Türkiye ve AB, mevcut ortaklık anlaşmaları vasıtasıyla yakın ilişkiler sürdürmektedir ancak aralarındaki ilişki gergindir. AB ile Türkiye arasındaki katılım müzakereleri resmi olarak 2005 yılında başlamış, ancak Türkiye'nin insan hakları ve hukukun üstünlüğünün güçlendirilmesi konusunda ilerleme kaydedememesi nedeniyle yaşanan çok sayıda krizin ardından Haziran 2018'de fiilen dondurulmuştur.

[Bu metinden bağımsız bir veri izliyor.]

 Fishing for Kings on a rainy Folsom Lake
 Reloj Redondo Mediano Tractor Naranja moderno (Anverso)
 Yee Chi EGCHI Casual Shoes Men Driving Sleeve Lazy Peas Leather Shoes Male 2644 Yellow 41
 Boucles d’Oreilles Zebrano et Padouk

Cumhurbaşkanı Recep Tayyip Erdoğan'ın Türkiye’nin AB’ye girmesi karşılığında İsveç'in NATO üyeliğine onay verme hamlesinin başarıya ulaşma şansı yoktur. Buna rağmen bu durum Erdoğan'ın zeitgeist'i (çağın ruhunu) anladığını göstermektedir: Avrupa'nın başkentlerinde bulunan politika yapıcılar Türkiye ile yeniden iş birliği yapma çabalarını arttırmaya giderek daha istekli hale gelmektedirler.

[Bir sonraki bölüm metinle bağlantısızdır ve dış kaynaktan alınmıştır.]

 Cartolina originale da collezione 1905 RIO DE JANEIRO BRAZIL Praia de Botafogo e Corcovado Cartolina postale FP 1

AB ile ilişkilerini yeniden düzenlemek Ankara'nın da çıkarlarına uygundur. Türkiye'nin görünürdeki tüm başarılarına rağmen kendi komşularında ve diğer bölgelerde güç gösterisinde bulunma kabiliyeti sınırlıdır. Sağlam bir ekonomik temel ve müttefiklerle istikrarlı ortaklıklar olmadan Türkiye'nin uluslararası alanda sürdürülebilir bir şekilde faaliyet göstermesi pek mümkün değildir.

 

Modası Geçmiş Bir Gümrük Birliği

Türkiye 1995 yılında Ankara Anlaşması temelinde AB ile kurulan mevcut gümrük birliğinin güncellenmesi için yıllardır ısrar etmektedir. 1990'ların sonunda tarım ürünleri ile kömür ve çelik için tercihli ikili anlaşmalarla desteklenmesinden bu yana gümrük birliği değişmeden kalmıştır. Bunun yanı sıra Türkiye'nin birkaç yıl içinde AB'ye katılacağı varsayımına dayanan geçici bir çözüm olarak tasarlanmıştır. Bu nedenle dijital hizmetler gibi bazı alanlar gümrük birliği kapsamında değildir. Bununla birlikte özellikle serbest ticaret anlaşmalarının (STA) müzakere edilmesine ilişkin mevcut düzenlemeler, Türkiye'nin bu tür müzakerelerde devre dışı bırakılmasına ve ayrıcalıklı ticari konumunun zayıflamasına yol açmıştır. Üçüncü ülkeler AB ile STA'lar yoluyla Türkiye pazarına erişim elde ettikleri için doğrudan Türkiye ile benzer anlaşmalar imzalama ihtiyacı hissetmemektedirler.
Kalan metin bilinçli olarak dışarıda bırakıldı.